Le modèle coop pousse à un choix et à une utilisation de la technologie qui donnent la priorité aux membres plutôt qu’au capital. Par exemple, la coopérative de travail ALTE regroupe des ingénieurs qui, inspirés par le mouvement « low-tech », veulent relocaliser l’économie et favoriser l’autonomie alimentaire et énergétique. Cette perspective renforce la première stratégie circulaire, trop souvent oubliée, qui consiste à repenser la production et la consommation.

4) Sociétés régionales et circulaires

Les coopératives sont des petites et moyennes entreprises (bien qu’il existe également de grandes coopératives, et même des institutions bancaires). Elles sont ancrées dans leur économie régionale et, comme le travail est beaucoup moins flexible que le capital, elles sont là pour rester, avec un sens du lieu et un attachement régional.

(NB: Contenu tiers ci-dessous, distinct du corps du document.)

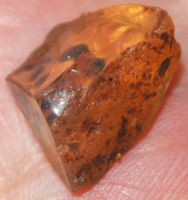 Edelstein L-5345 – Nicht Hydrophan äthiopischer Opal roh 18x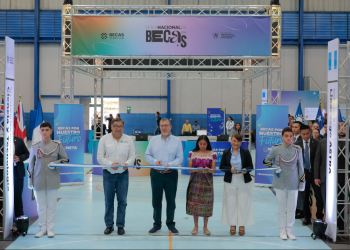 Una puerta hacia el futuro: Feria Nacional de Becas llega a su edición 25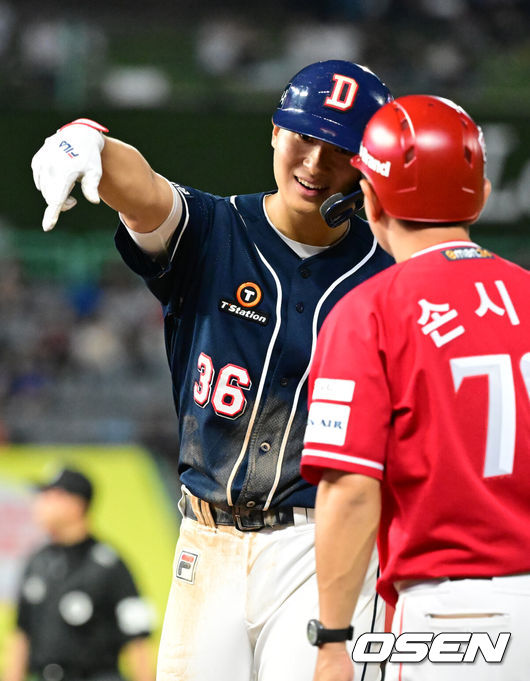 [OSEN=인천, 김성락 기자]  5일 오후 인천 미추홀구 SSG 랜더스 필드에서 ‘2024 신한 SOL BANK KBO리그 퓨처스올스타전 경기가 열렸다. 북부리그(한화 이글스·두산 베어스·LG 트윈스·SSG 랜더스·고양 히어로즈)는 이대진 한화 퓨처스 감독, 남부리그(상무·롯데 자이언츠·KIA 타이거즈·KT 위즈·NC 다이노스·삼성 라이온즈)는 박치왕 상무 감독이 이끈다.8회초 2사 북부 임종성이 안타를 날린 뒤 세리머니를 하고 있다. 2024.07.05 / ksl0919@osen.co.kr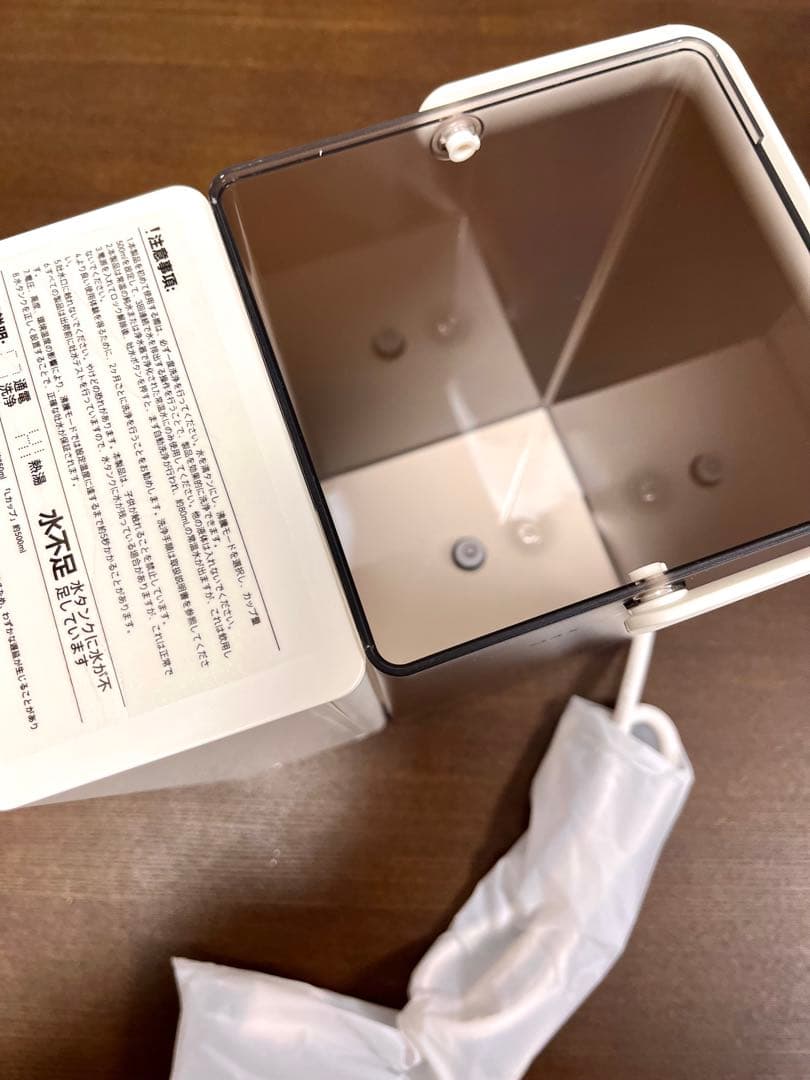 ウォーターサーバー 湯沸かしポット　卓上　電気ケトル　3L 大容量　ホワイト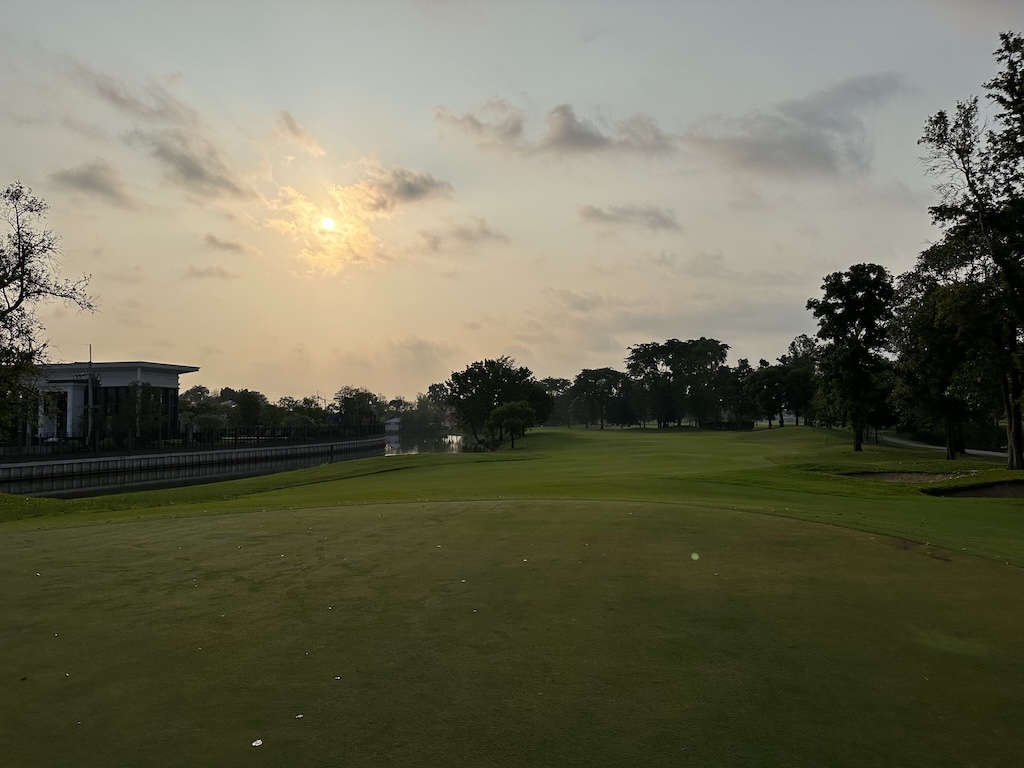 フローラヴィル・ゴルフ & カントリークラブ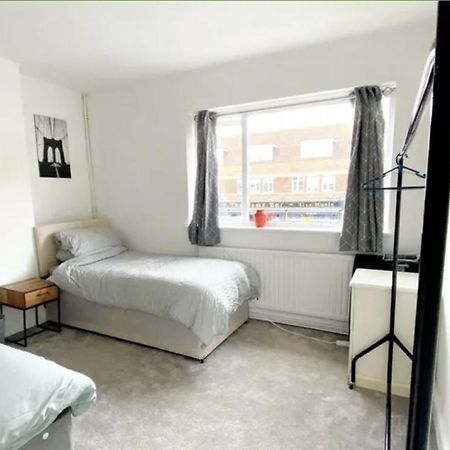 4 Bedroom Property Close To The Harry Potter Studio And Watford Junction Экстерьер фото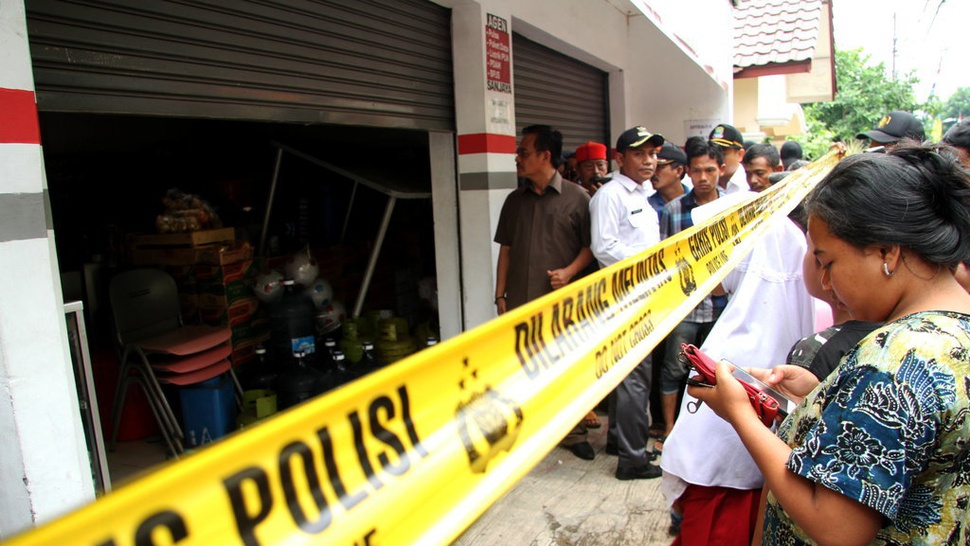 Ada Bercak Darah di Celana Terduga Pembunuh Satu Keluarga di Bekasi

La vision des Inuits et les membres des Premières Nations sur la coopération va plus loin vers une réciprocité écologique. Elle considère les animaux, les écosystèmes et la Terre non pas comme des objets, mais plutôt comme des sujets qui partagent les ressources avec nous, et à qui nous devons aussi redonner. La Terre doit être traitée avec respect.

Favoriser le potentiel des coopératives

La contribution des coopératives pour la circularité peut paraître exagérée, car toutes ne sont certainement pas vertes ou circulaires.

Cependant, elles fournissent un potentiel structurel qui rend ce modèle très attrayant pour les économies et sociétés circulaires. Pour favoriser ce potentiel, les coopératives peuvent adopter des stratégies explicites de circularité et de durabilité. Elles doivent utiliser leur voix et leur poids pour le déploiement de politiques sociales et environnementales. Et elles devraient déployer leur principe d’intercoopération — la coopération entre les coopératives —, pour créer des économies circulaires justes et intégrées dans les régions.